With its focus on data management technologies for industrial operational excellence, it’s been a pleasure to be part of independent research firm Verdantix’s latest research, Smart Innovators: Industrial Data Management Solutions.
According to that report, ‘integrating subject-matter experts within data acquisition, cleaning and contextualisation workflows’ is a 2023 priority for the respondents of a recent survey. In the Verdantix’ Global Corporate Survey 2022: Operational Excellence Budgets, Priorities & Tech Preferences, 80% of the 301 senior executives at industrial firms indicated that this would be very important or important in their upcoming data management priorities.
In the long march towards data analytics, data insights, and artificial intelligence it can be easy to lose track of the original ambitious intent of any data management strategy. Verdantix revisits the basics of this intent well by defining Industrial Data Ops ‘as an approach to orchestrating people, assets, processes and technology to acquire and clean a wide variety of data streams, place these in context and deliver as a self-explaining digestible package to decision-makers to help optimize industrial operations.’
Work back from the business problem you’re trying to solve
That’s a lot to unpack but it hits the main complaint that big data projects often trigger, whether they are in industrial operations or across the enterprise. And that is making data and their insights relevant and explainable to business users. That’s why Subject Matter Experts (SMEs) are so important at all stages of the connected-data-to-insights-and-action pipeline.
Subject Matter Experts work back from the business problem they are trying to solve, identify how the right parties should be working together, often in new ways, and develop leading indicators focused on the right outcome to practically advance and manage a program.
Getting to all the data
The frustrations we hear from SMEs focus both on the lack of available data and that the data collected misses the mark entirely. Firstly, the right data is often operations- or even site-specific, not available in the central data lake or lies externally with a supplier, contractor, IOT vendor, or hardware provider.
Getting this sort of data integration onto the delivery backlog of an end-to-end industrial operations digitization project often means it drops off the list or comes too late for an operations team to leverage and tangibly make a difference with it. This could be why a core recommendation from Verdantix in its Smart Innovators report is for vendors to ‘expand data acquisition towards varied, external sources’.
Secondly, even when the data is available the resulting analytics bear no resemblance to the leading indicators sought by the SME, meaning the SME needs to devote extra time to examining the basic processes and data generated in order to reframe the data integration project.

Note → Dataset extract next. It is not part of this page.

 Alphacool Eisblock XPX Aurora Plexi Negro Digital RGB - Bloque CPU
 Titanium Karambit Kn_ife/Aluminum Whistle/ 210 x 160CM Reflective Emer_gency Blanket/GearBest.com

Connect data and expertise around specific use cases
At YuzeData we bring Subject Matter Expertise to these varied external data sources from the start. We do it through domain-intelligent Operations-specific use cases focused on driving efficiency, risk management, and sustainability, that also leverage pre-built configurable connectors to the most used vendor platforms (e.g. IOT data, Asset Management systems, Asset Maintenance systems).
This takes the headache out of the end-to-end orchestration of a variety of data streams and means SMEs can give more focus to the edge case data integrations that are site-specific, which can also be configured and managed through the YuzeData platform.
It’s an exciting time to drive truly expert-driven models, share these across the organization and start driving true performance improvement to multiply that most scarce of resources; true subject matter expertise.